**TASK**
Write out the lines below exactly, beginning at the one with "A picture of" and stopping after the one with "Ilustrasi Harga Emas"; the pictures are not copied.
---*---
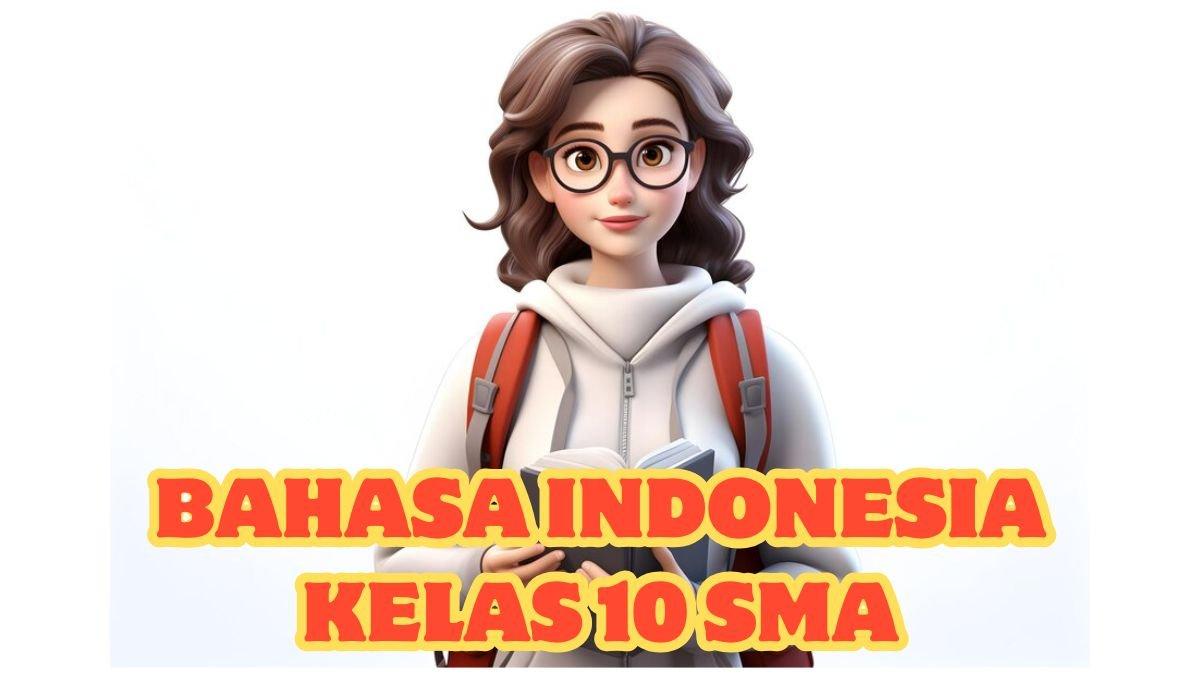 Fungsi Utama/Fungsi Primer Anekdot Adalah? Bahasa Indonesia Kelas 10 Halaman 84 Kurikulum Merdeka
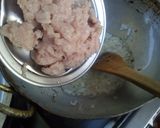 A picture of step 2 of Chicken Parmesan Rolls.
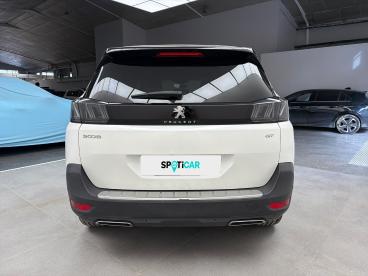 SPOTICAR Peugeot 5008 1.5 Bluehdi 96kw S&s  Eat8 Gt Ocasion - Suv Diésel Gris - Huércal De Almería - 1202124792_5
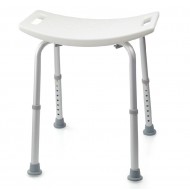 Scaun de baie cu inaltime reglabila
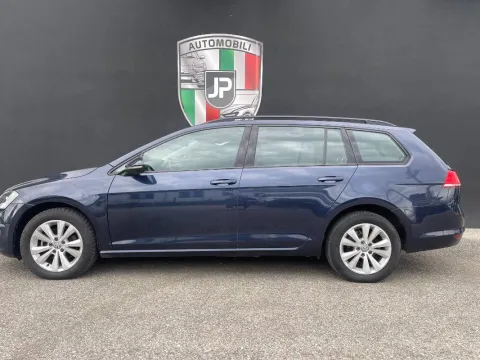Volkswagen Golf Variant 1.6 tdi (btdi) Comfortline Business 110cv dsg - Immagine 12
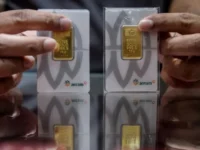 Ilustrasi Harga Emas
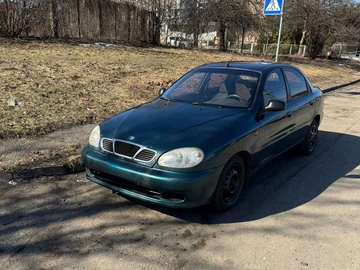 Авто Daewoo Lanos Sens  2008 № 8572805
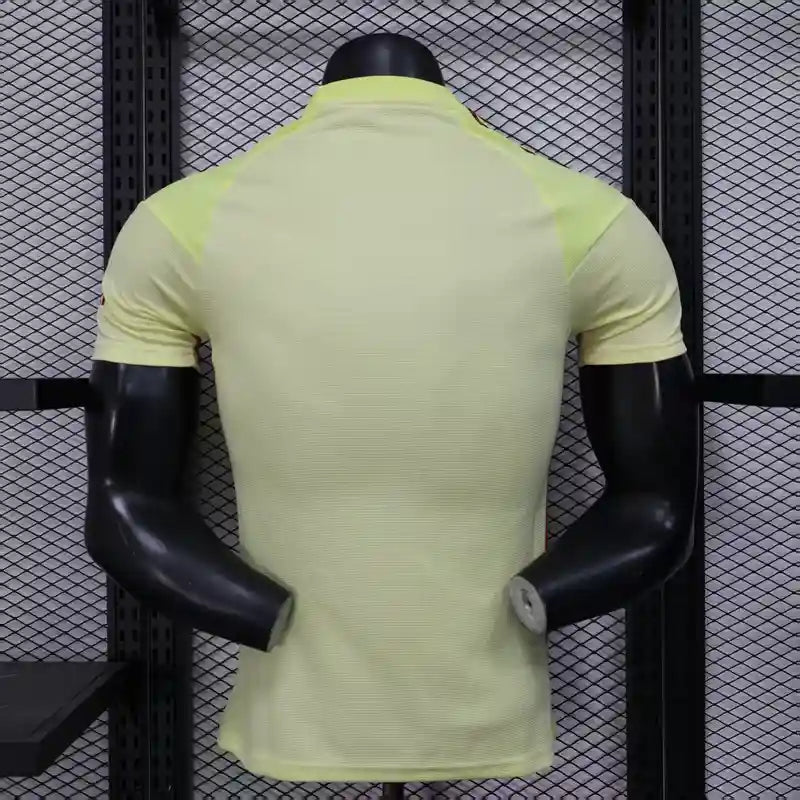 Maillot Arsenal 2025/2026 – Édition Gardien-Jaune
---*---
**EXPECTED ANSWER**
 A picture of step 2 of Chicken Parmesan Rolls.
 SPOTICAR Peugeot 5008 1.5 Bluehdi 96kw S&s  Eat8 Gt Ocasion - Suv Diésel Gris - Huércal De Almería - 1202124792_5
 Scaun de baie cu inaltime reglabila
Volkswagen Golf Variant 1.6 tdi (btdi) Comfortline Business 110cv dsg - Immagine 12
 Ilustrasi Harga Emas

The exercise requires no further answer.